5 films to watch at TIFF Next Wave 2012

This year, TIFF has dramatically (and wisely) split its bloated Sprockets Film Festival into two smaller entities: TIFF Kids for the under-12 lot and TIFF Next Wave for those with a bit more experience under their belts. The former wrapped up a few weeks ago and was a massive hit, filling the Lightbox with sprawling mass of children and showcasing some engaging family programs (and some glaring Disney promotions as well..) but now the tide has turned to TIFF Next Wave, the film festival specifically geared to and partially curated by teenagers.

Included in the festival are films programmed for teens and in the Jump Cuts program, films made by teens. (Trivia, I had a film in Jump Cuts over a decade ago!) Much like TIFF Kids, the festival encompasses more than just film and looks to provide the next generation with creative possibilities in other mediums as well. The Battle of the Scores is a great showcase for our "next wave" of musicians, while the video game component offers a chance to collaborate and develop skills in new media.

My only complaint is the short time frame. The festival runs only three days from Thursday May 10 to Saturday May 12, the first two days of which only include a handful of morning screenings for students. It could easily have been extended a day or two to allow more of the films a chance to be screened twice.

Six teen bands were given three weeks to re-score one of the Jump Cuts short films from a previous year. Their interpretations will be showcased on the big screen in Cinema 2 while the band plays along live. Audience participation plus a panel of judges will select the winner. This ain't no Glee club.

Is it possible to have a quarter life crisis? You bet. Ryan O'Nan's feature directorial debut follows Alex (played by O'Nan), a 20-something whose life comes crashing down only to give way to transformative experience out on the road with an off-kilter musician he meets in the midst of his depression. Although focused on the characters' musical dreams, the film is every bit an allegory for the pursuit of a filmmaking career, and thus a perfect fit at this festival. Also screens Saturday at 3:15 p.m.

SATURDAY MAY 12 / 17 GIRLS / 12:00PM
French directors Delphine Coulin and Muriel Coulinon give a French spin to the Massachusetts "pregnancy pact" scandal of 2008. In their version, the group of teen mothers are more feminist than desperate, eager to start their own lives as young mothers together, but they are also more vulnerable, growing up in a town where their only opportunity to coax adulthood is through motherhood. While their parents are baffled, the girls are confident but seem to understand grimly the limited return on their "choice."

It's hard to believe that this film is 17 years old, but at the same time it's encouraging because its story of discontent transcends its initial historical context. La Haine is a great, if startling film that explodes the simmering discontent between French authorities and youth in a racially mixed housing project. In the aftermath of yet another race riot, three youths find an abandoned police gun and find it hard not to crave justice for the previous nights brutality, at least, where they can.

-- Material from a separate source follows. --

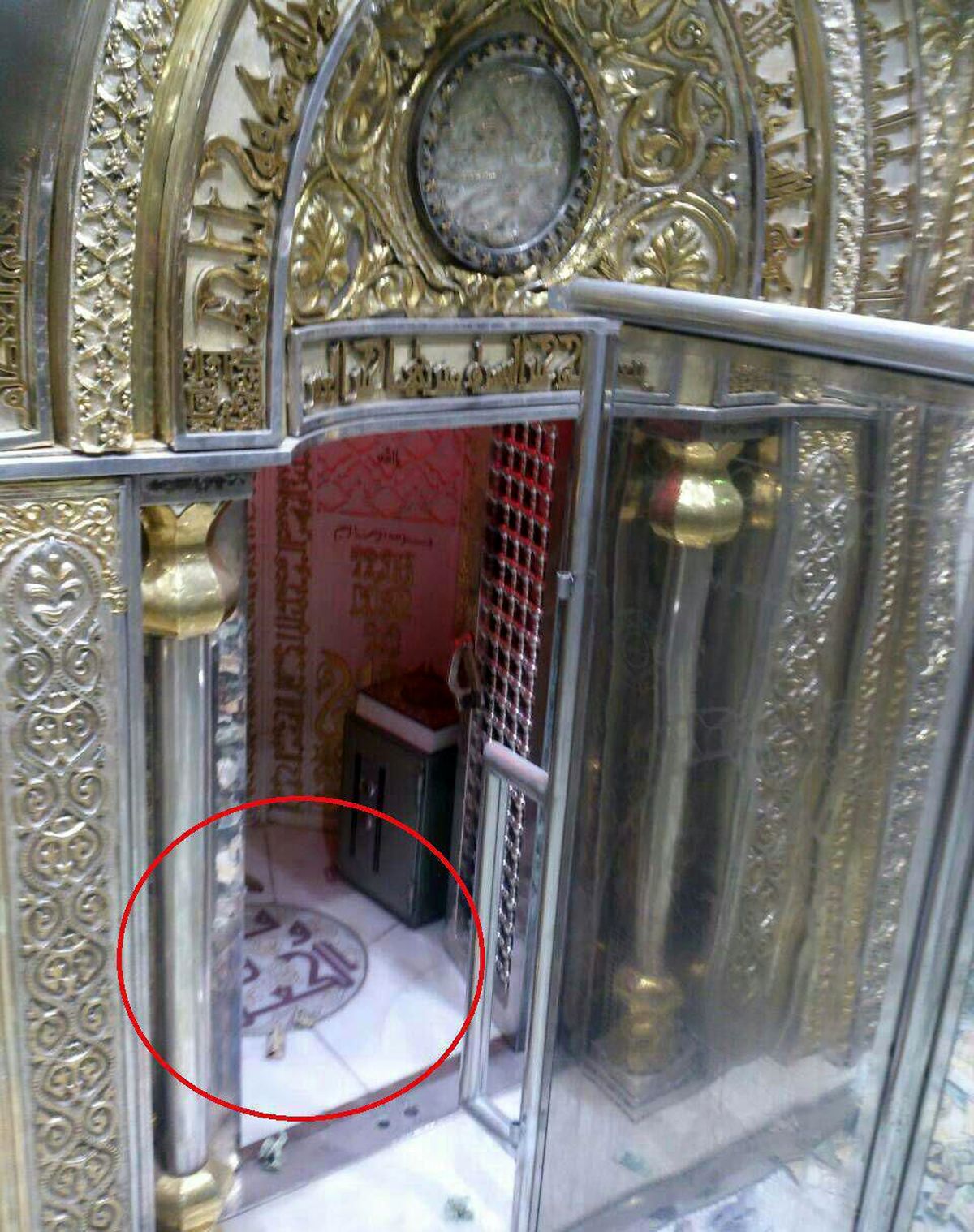 اذان سوزناک صبح ۱۹ رمضان از محل ضربت خوردن امیرالمومنین(ع) در مسجد کوفه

Matthew Lillard (yes, that guy from Scream and Wing Commander) has found a great career for his later-life. As a director of Fat Kid Rules the World, he manages to balance teen anxiety and comedy in the adaptation of the book by the same name. An overweight teen is befriended by a recently expelled classmate and the unlikely pair somehow become friends. When it's clear that the differences between them can spell redemption in the other, things start to get interesting. A great first feature — I look forward to more.